═════ Supplied material

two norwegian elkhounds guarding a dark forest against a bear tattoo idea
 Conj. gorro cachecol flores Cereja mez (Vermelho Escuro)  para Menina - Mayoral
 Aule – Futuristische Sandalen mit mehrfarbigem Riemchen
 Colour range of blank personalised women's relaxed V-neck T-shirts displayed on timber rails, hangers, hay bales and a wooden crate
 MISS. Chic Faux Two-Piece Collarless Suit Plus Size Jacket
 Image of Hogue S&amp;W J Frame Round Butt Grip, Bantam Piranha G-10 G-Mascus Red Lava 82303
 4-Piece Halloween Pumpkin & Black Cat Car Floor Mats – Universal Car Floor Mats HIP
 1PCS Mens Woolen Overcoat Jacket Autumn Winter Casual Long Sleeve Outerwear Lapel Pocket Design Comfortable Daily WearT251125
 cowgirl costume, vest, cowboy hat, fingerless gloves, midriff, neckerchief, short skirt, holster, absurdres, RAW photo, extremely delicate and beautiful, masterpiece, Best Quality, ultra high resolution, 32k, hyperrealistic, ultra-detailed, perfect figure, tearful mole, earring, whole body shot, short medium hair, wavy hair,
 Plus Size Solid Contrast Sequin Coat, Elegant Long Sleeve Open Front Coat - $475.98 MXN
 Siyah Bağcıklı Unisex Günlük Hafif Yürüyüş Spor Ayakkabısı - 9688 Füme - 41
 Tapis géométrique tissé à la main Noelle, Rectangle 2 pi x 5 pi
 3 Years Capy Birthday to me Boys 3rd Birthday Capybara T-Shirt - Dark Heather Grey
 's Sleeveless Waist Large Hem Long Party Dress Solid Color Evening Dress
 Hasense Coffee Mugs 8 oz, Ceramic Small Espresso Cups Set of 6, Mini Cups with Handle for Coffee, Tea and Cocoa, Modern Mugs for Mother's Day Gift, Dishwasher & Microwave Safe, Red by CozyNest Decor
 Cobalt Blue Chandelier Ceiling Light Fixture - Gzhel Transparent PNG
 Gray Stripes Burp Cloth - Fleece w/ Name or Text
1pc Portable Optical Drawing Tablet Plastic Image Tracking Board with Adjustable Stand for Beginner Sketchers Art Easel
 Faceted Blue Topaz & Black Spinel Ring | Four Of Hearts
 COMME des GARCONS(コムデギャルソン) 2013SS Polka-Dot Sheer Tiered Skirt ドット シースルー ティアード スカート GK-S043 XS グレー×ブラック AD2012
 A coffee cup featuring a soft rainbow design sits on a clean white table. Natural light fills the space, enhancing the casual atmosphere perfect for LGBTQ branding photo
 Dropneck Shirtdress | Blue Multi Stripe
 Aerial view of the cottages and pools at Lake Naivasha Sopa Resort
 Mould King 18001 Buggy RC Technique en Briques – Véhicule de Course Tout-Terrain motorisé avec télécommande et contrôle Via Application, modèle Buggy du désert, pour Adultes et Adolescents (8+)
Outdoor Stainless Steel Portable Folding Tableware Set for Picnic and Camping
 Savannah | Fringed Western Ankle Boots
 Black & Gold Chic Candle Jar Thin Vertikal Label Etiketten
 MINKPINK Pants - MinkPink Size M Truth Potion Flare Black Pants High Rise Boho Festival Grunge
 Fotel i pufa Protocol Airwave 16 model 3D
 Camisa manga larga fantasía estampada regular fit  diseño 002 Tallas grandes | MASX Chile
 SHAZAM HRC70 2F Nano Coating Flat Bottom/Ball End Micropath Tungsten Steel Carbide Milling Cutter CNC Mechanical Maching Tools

══════════

Aim of the task>
Start with the line above that contains "Dropneck Shirtdress | Blue Multi Stripe" and stop after the line that contains "Black & Gold". Output those lines exactly, and only those.

Written response>
 Dropneck Shirtdress | Blue Multi Stripe
 Aerial view of the cottages and pools at Lake Naivasha Sopa Resort
 Mould King 18001 Buggy RC Technique en Briques – Véhicule de Course Tout-Terrain motorisé avec télécommande et contrôle Via Application, modèle Buggy du désert, pour Adultes et Adolescents (8+)
Outdoor Stainless Steel Portable Folding Tableware Set for Picnic and Camping
 Savannah | Fringed Western Ankle Boots
 Black & Gold Chic Candle Jar Thin Vertikal Label Etiketten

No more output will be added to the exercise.